:: Source material ::

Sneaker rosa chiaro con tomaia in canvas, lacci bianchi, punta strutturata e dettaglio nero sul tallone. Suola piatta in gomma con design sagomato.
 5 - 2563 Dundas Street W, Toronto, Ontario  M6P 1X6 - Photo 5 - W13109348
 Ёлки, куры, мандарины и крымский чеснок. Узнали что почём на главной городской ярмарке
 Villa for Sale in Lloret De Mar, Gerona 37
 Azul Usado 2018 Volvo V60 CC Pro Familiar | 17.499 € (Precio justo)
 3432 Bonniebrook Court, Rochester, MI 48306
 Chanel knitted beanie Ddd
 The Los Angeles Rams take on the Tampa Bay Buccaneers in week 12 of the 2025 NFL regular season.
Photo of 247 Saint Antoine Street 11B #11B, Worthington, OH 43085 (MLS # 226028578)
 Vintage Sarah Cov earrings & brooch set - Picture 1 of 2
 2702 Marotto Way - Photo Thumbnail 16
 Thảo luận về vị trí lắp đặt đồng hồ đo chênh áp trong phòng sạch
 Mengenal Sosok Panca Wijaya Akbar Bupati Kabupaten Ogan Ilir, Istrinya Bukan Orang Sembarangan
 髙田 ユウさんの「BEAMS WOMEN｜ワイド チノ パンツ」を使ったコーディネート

:::

*What is being asked*.
How many lines of these records include the word "Photo"? Only the number should be written.

*Written answer*.
3